Meta Platforms doesn’t seem to be breaking the law, especially outside of the EU. However, many users aren’t enthused by the fact that their data is being used for profit without the option to opt-out.
Leading AI models need an exorbitant amount of data so most AI companies have simply been scraping through online public content, often without obtaining permission of any kind. This is likely a copyright violation as uploading content to the internet doesn’t suddenly make it free for anyone to use for profit.

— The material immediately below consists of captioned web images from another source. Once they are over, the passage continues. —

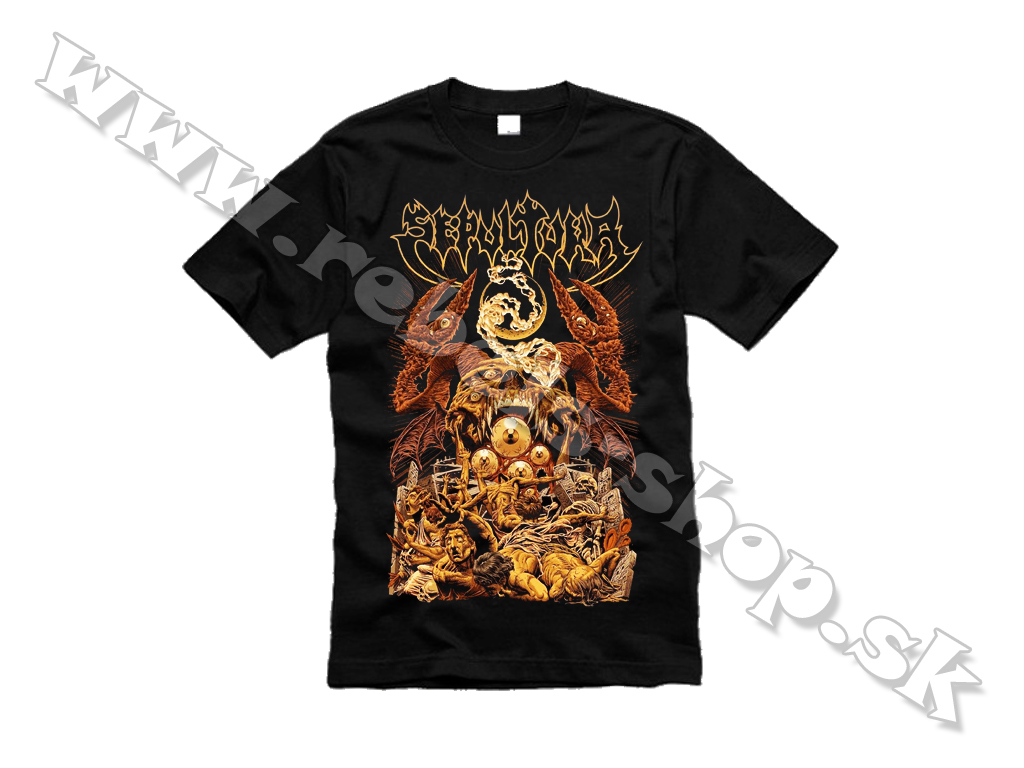 Tričko "Sepultura"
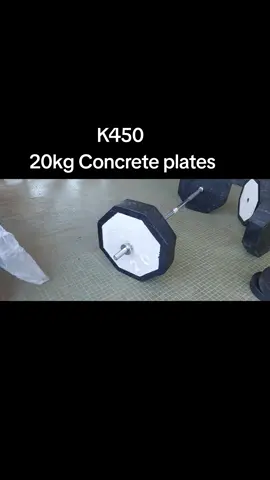 Concrete Gym plates......0973604399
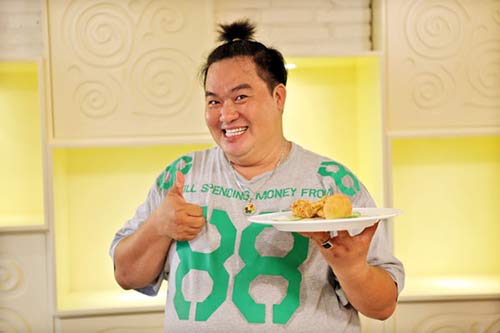 Hoàng Mập và Hiền Trang thi tài nấu ăn - 7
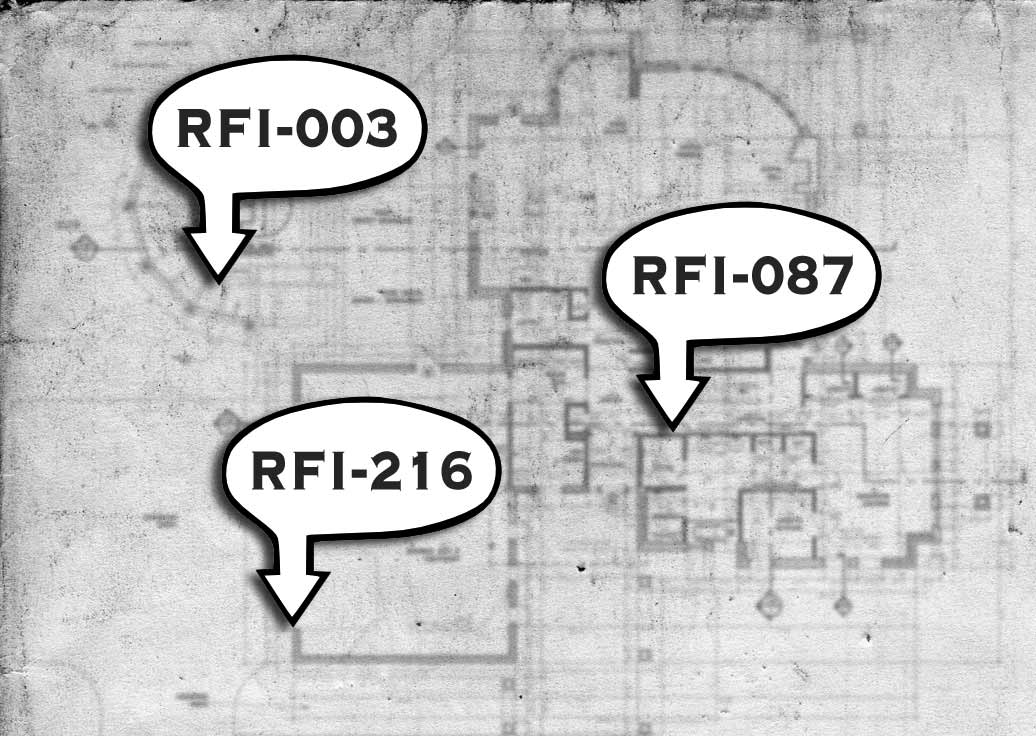 construction rfi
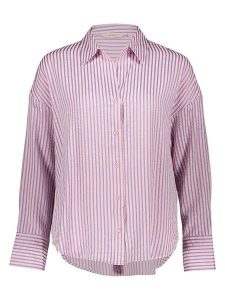 ONLY Koszula w kolorze jasnoróżowo-fioletowym rozmiar: XL. Różowe koszule ONLY, xl, bez wzorów, bez kołnierzyka, bez ramiączek. Za 82,99 zł.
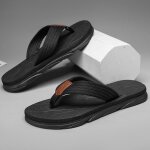 Ecelen tongs tresses dcontractes pour hommes - confortables et respirantes - antidrapantes et durables ...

Publishers are on the frontlines of this battle, arguing that AI companies are stealing their hard work for profit. Last year, The New York Times filed a lawsuit accusing AI giants OpenAI and Microsoft of brazenly copying millions of articles from their websites without due permission to train their AI systems.
In a more recent but similar case, journalists Andrea Bartz, Kirk Wallace Johnson, and Charles Graeber have filed a class action suit against AI giant Anthropic in a California court accusing it of using their work without permission to train the company’s Claude chatbot.
Last year, Google also updated its privacy policy to add that it can use scraped web data to train its AI models. Incidentally, in June the company defeated a class action lawsuit that accused it of misusing online social media content and information shared on Google platforms for training its AI systems. Previously, in May, OpenAI and Microsoft also defeated a similar lawsuit.
Data Scraping Regulations Are Sorely Needed
The reason tech companies have been able to scrape so much public data without retribution is because of the lax privacy laws. As Senator Shoebridge aptly said, “There’s a reason that people’s privacy is protected in Europe and not in Australia; it’s because European lawmakers made tough privacy laws. Meta made it clear today that if Australia had similar laws, Australians’ data would also have been protected.”
While some steps have been taken – such as OpenAI providing websites an option to stop its crawlers from scraping their content – much more needs to be done. In the absence of regulations, public data might continue to be the cannon fodder for training AI models.